Not sure what you have in mind with this. There are almost certainly many more sites using com_search than com_finder and replacing one with the other would likely be a big upheaval for many folks. The aim with Joomla 4 is to break as little as possible.
Introduce result weighting
Smart Search already does that, or did you mean something else?
As for you other suggestions, I look forward to seeing PRs. However, I would urge you to try to make your changes in Joomla 3.x rather than 4.x so that more people can benefit in the near term. Most of these changes can be made without breaking BC.
I'm not talking about replacing com_search with com_finder. I'm talking about integrating the backend functionality of com_finder into com_search and the frontend functionality into a search plugin. There should only be one search component in our system and the finder functionality should be a regular search plugin.
The weighting refers to introducing that to all search plugins. A weight can have values between 0 and 1. If the plugin does not provide a weight, 0.5 will be assumed.
Sorry, but I don't understand that at all. The front-end functionality of com_finder provides search across all content types, so if you put that functionality into a com_search plugin you might as well just switch the other plugins off leaving only the com_finder one. In which case, why have it as a plugin at all? And if it's not a plugin you just end up back where you started, with com_finder as implemented. I know this has nothing to do with this PR, but I just don't see what you're trying to achieve. What problem you are trying to solve?
com_finder provides search across all content types that it supports. Unfortunately there are quite a lot of extensions out there that don't provide a finder plugin, but just one for com_search. There are also a lot of situations, where you can not index the data like Finder needs it, for example when querying an external source. In those cases, we need something like com_search with its plugin structure. That is also the reason why we have com_search and com_finder in the first place. Otherwise com_search would have been replaced with com_finder in 1.6 directly.

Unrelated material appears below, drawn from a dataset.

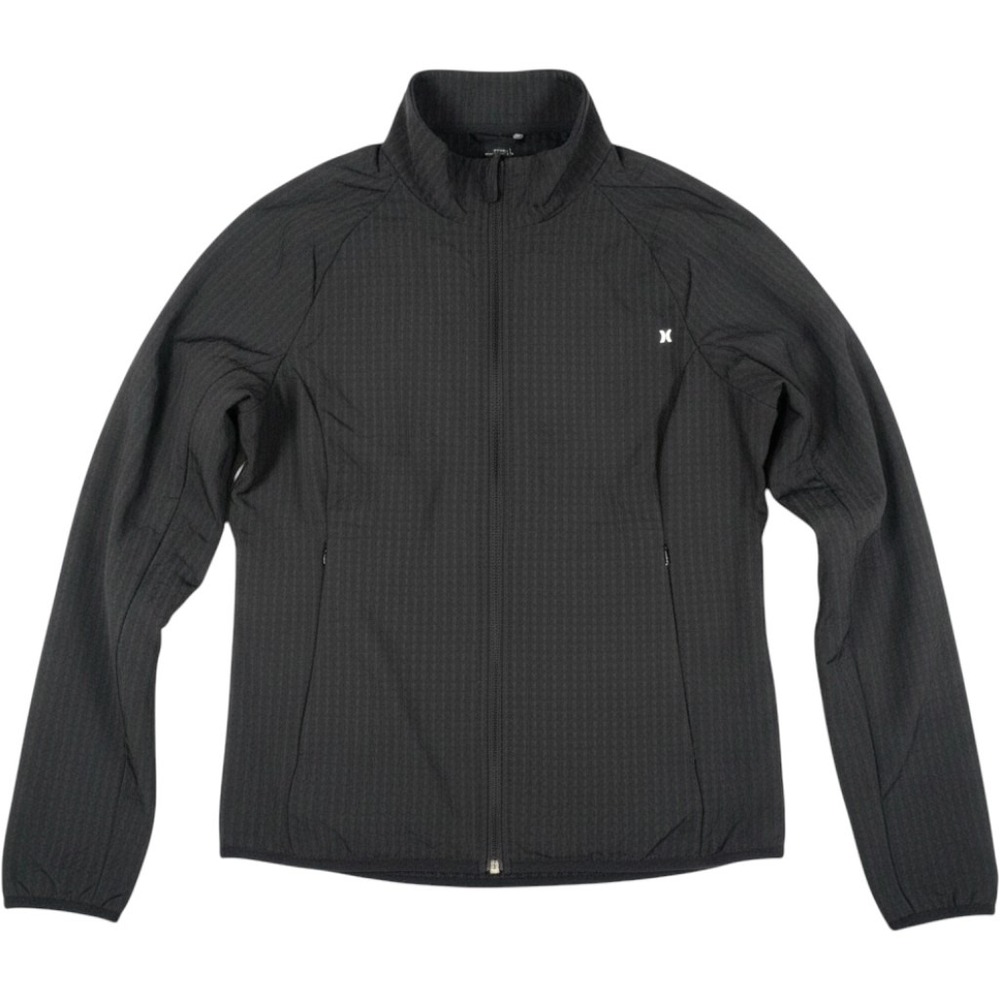 Hurley Women Light Jacket Size Large Black Athletic Zip Up Textured Slim Fitted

We need a solution that allows to add external sources and we need a solution that allows all the old search plugins to be used. The logical solution would be to include Finder as a search plugin in com_search.
What makes you think that com_finder can't index external sources? It actually excels at it because search queries are made against the index rather than directly with the (potentially unreliable) external source. A slow external source would cripple com_search but would only slow com_finder's indexer down, leaving front-end searches unaffected.
The reason we still have two search components is that nobody has found the time to refine com_finder to the point where it can fully replace com_search. The sticking points are around the size of database tables, the performance of the indexer and some issues with multi-language use. All of these problems are solvable. The intention always was, and to my knowledge still is, to deprecate com_search in favour of com_finder at some point. That would have happened in J2.5 if com_finder had been ready back then.
Of course com_finder could index an external source. However I had to write a search plugin where it was not possible to index that external source, because that source did not provide the data. It only had an api to start a search and get the results. In those cases, com_finder would have been screwed.
If my approach is not what the leadership team wants, then tell me as an official statement and I will stop right here and now. Otherwise I will keep on coding and hopefully be able to provide a solution for 4.0.
What makes you think that com_finder can't index external sources?
If data are same forever then yes, they can be "indexed"
in other cases how do you use / combine (in real time) an external source ?
Status | Pending | ⇒ | Closed |
Closed_Date | 0000-00-00 00:00:00 | ⇒ | 2016-10-31 16:08:39 |
Closed_By | ⇒ | Hackwar |
Upgrade logic is missing. Maybe easiest way would be to drop all the existing tables and create the missing one. Then add post install message asking users to recreate index.